[Records from a collection]
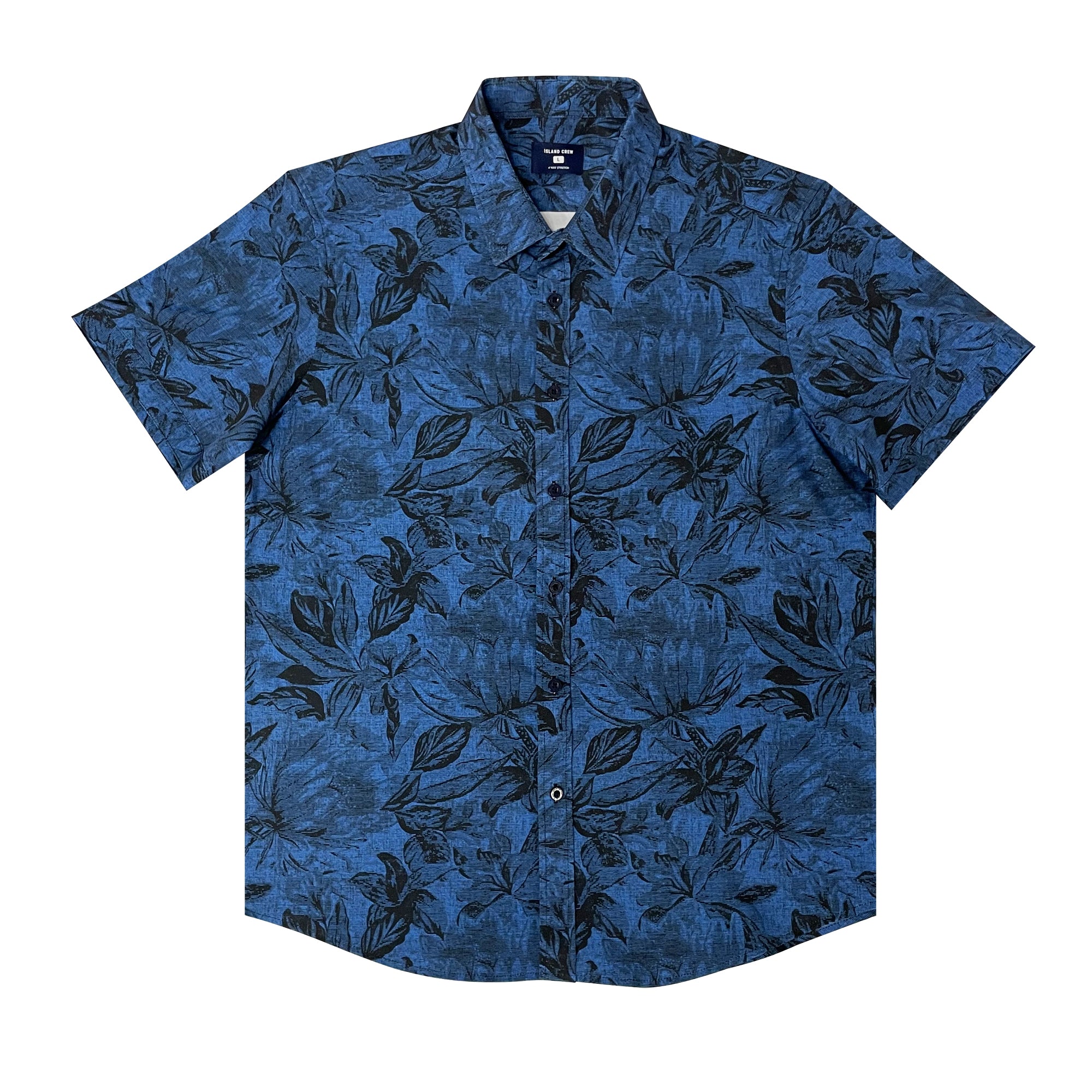 tightbooth FORTRESS ALOHA SHIRT - シャツ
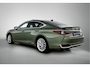 Lexus ES 300h President Line | BTW voertuig | Schuif/kantel dak| Mark Levinson | 360 Camera | Memory Seat | Stoel+stuurverwarming | Stoelventilatie | KXJ-43-X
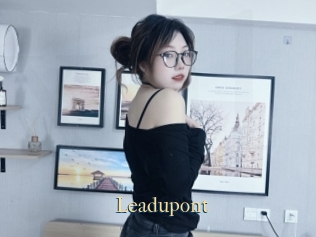 Leadupont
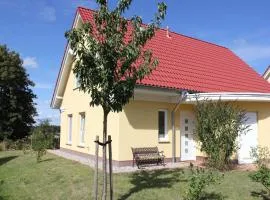 Landhaus Gothensee - Südterrasse, WLAN, Kamin, Sauna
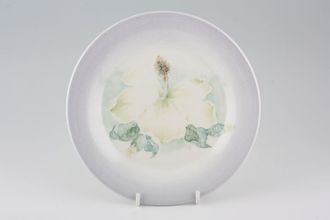 Sell Portmeirion Seasons Collection - Flowers Salad/Dessert Plate Hibiscus 8 5/8"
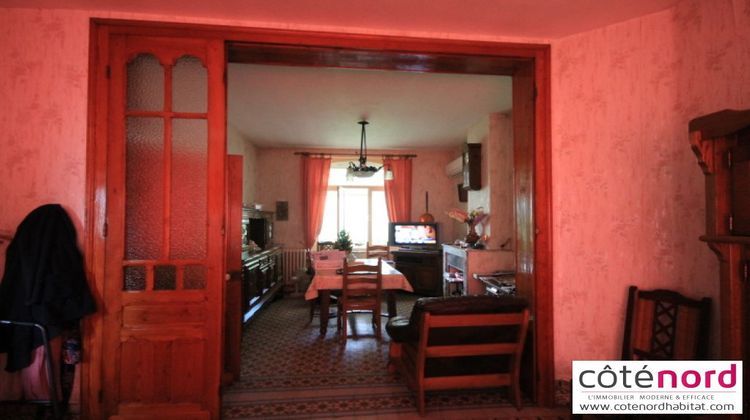 Ma-Cabane - Vente Maison CAUDRY, 190 m²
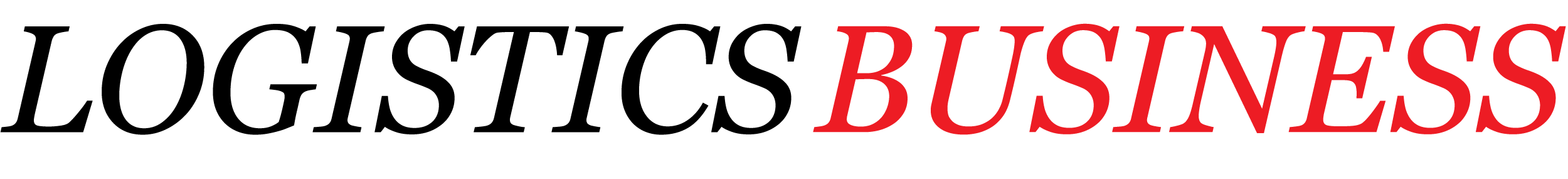 Logistics Business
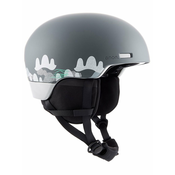 Anon Windham Wavecel Helmet mountain stone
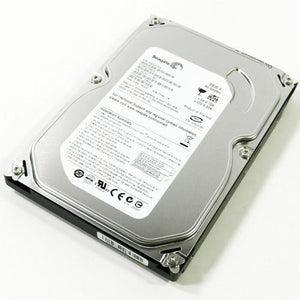 Seagate ST380215ACE 80GB 7200RPM 2MB Cache ATA-100 3.5" Internal Hard Drive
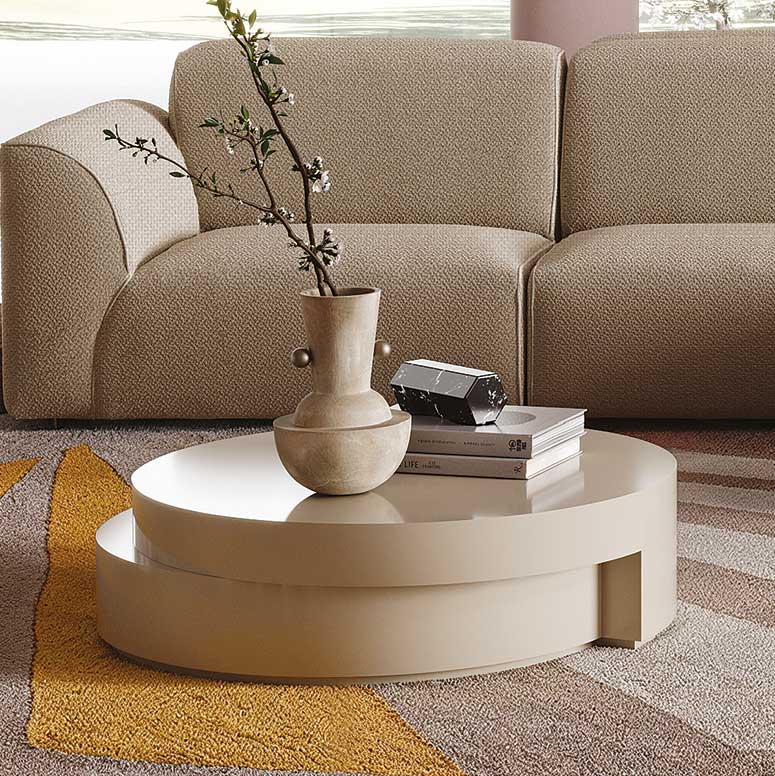 Casamilano Tito Coffee Table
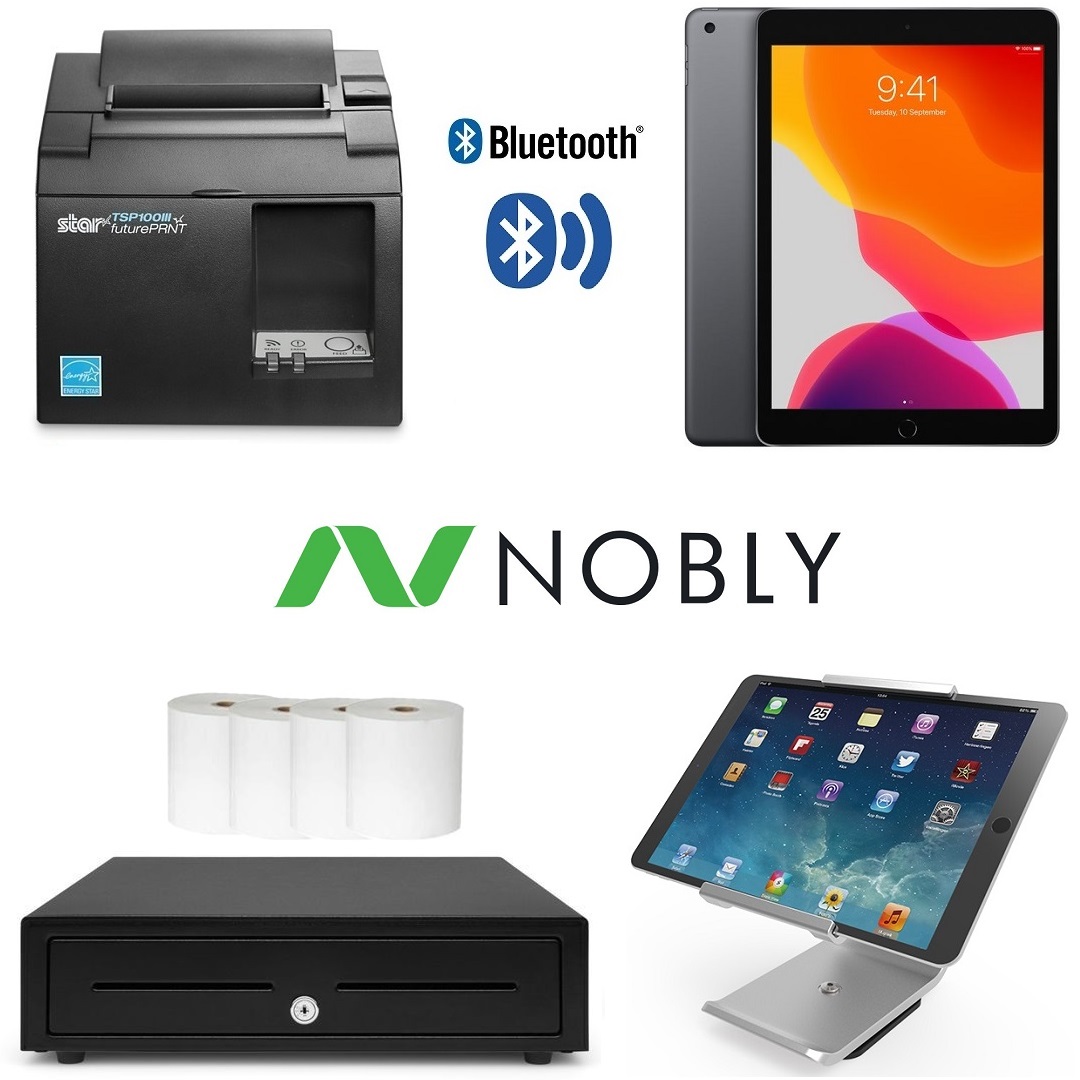 Nobly Hardware Bundle #1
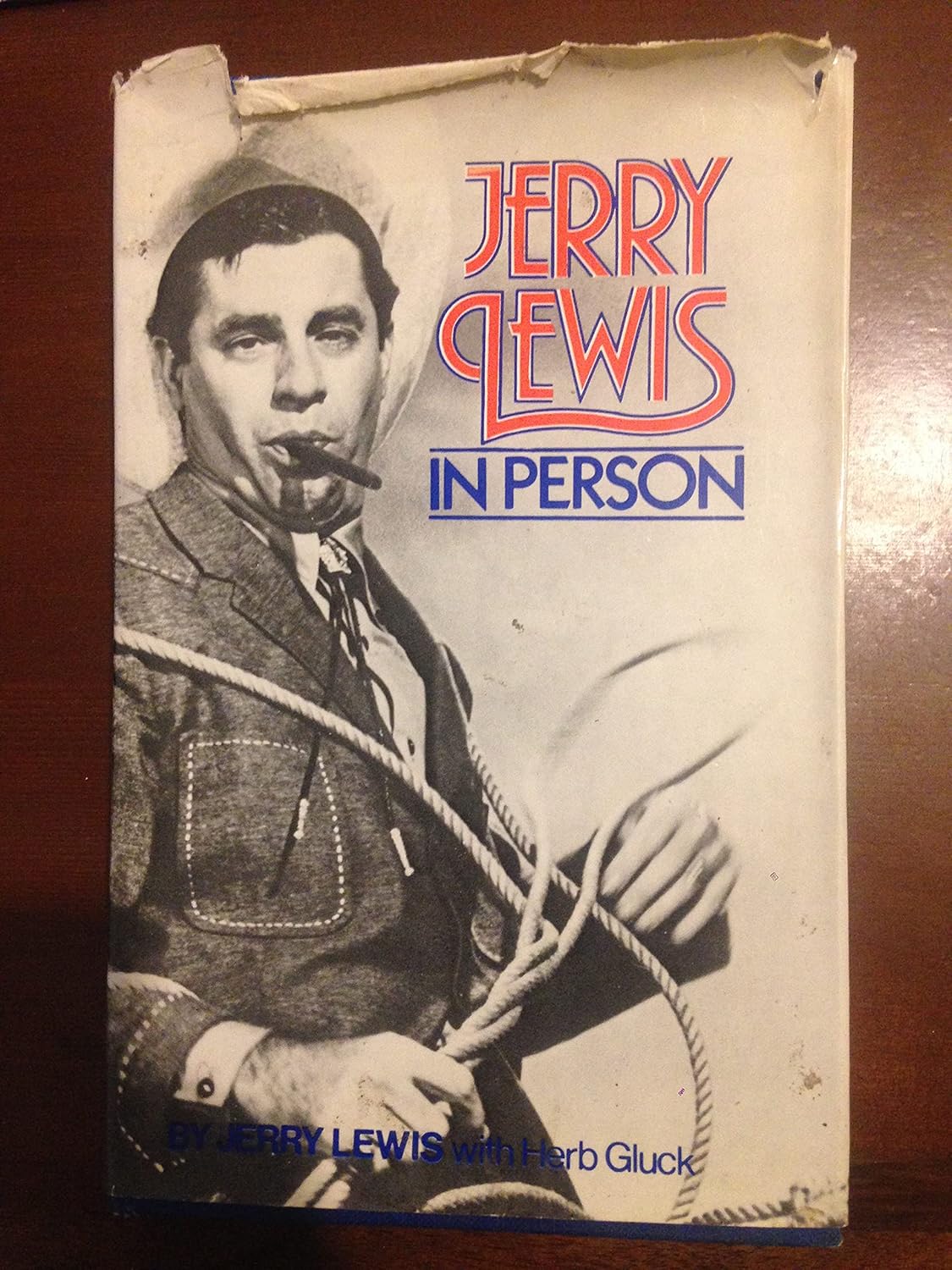 Jerry D. Lewis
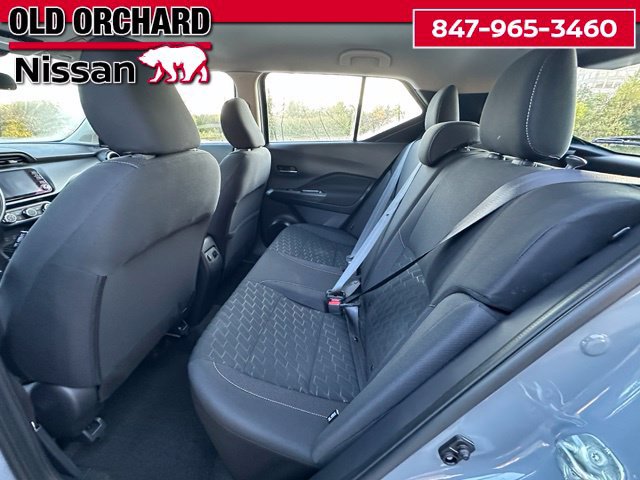 Used 2023 Nissan Kicks SV FWD image 13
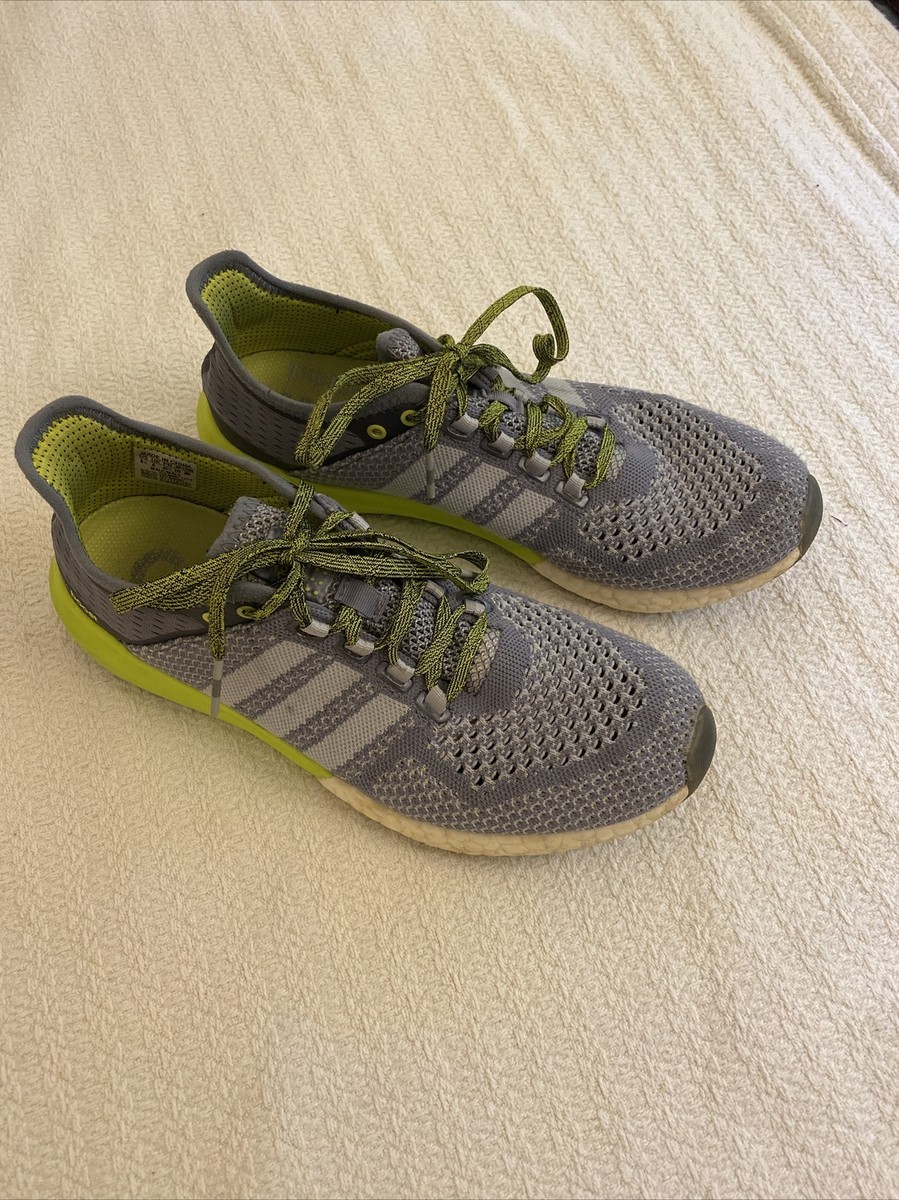 Adidas Cosmic Boost Climachill Running Course Tennis Training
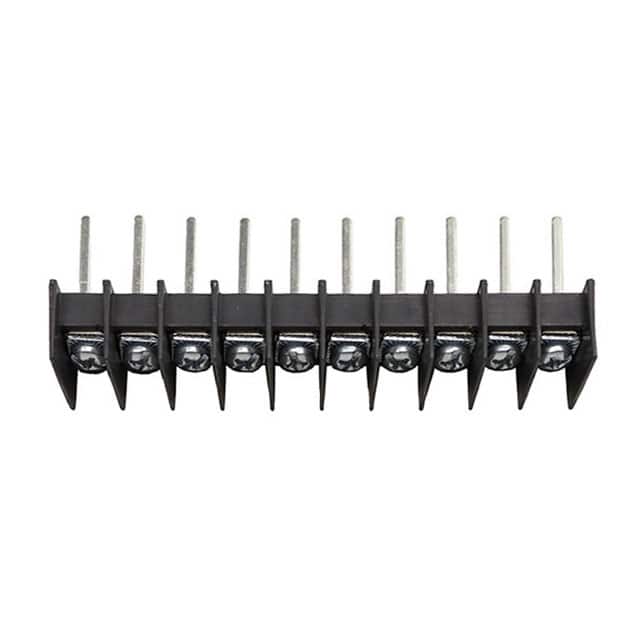 325121-10-0 CONN BARRIER STRP 10CIRC 0.325"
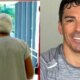 Ex jogador da Selecao sofre queimaduras e passa por duas cirurgias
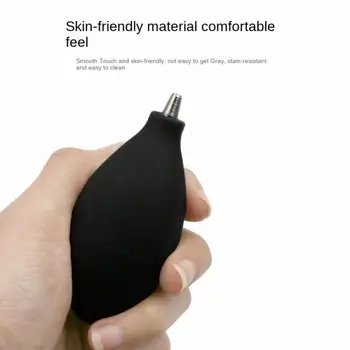 Powerful Air Dust Blower Blowing Ball Gadgets Mini Pump Cleaner for Mobile Phone Dusting Tablet Circuits Clean Repair Tool 4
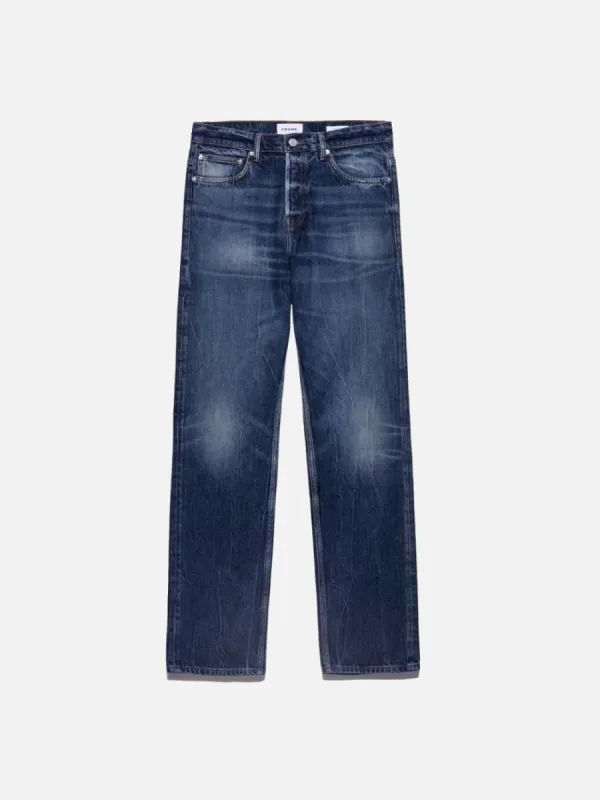 The Straight Jean -- Whistler sold by Frame Denim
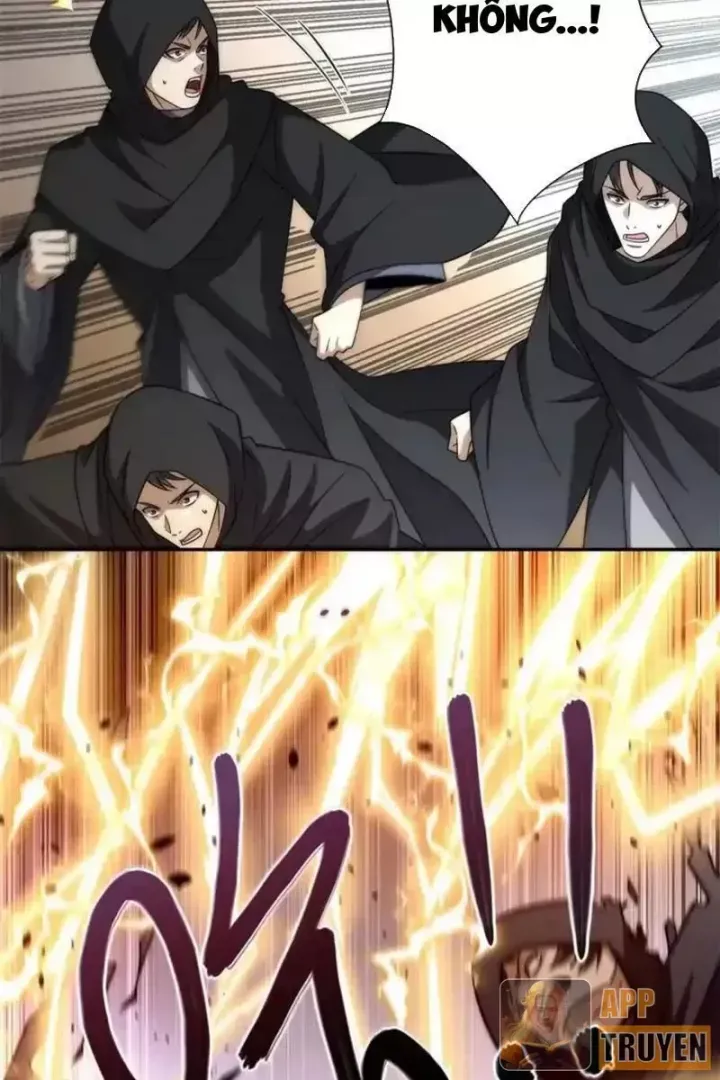 Dị Năng Trùng Sinh Ta Sớm Ở Đỉnh Cao [Chap 60]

- What is expected -
Above are some entries. Restate word for word the lines from the one holding "Casamilano Tito Coffee Table" through the one holding "Ex jogador da", but not the pictures.

- Completed exercise -
 Casamilano Tito Coffee Table
 Nobly Hardware Bundle #1
 Jerry D. Lewis
 Used 2023 Nissan Kicks SV FWD image 13
 Adidas Cosmic Boost Climachill Running Course Tennis Training
 325121-10-0 CONN BARRIER STRP 10CIRC 0.325"
 Ex jogador da Selecao sofre queimaduras e passa por duas cirurgias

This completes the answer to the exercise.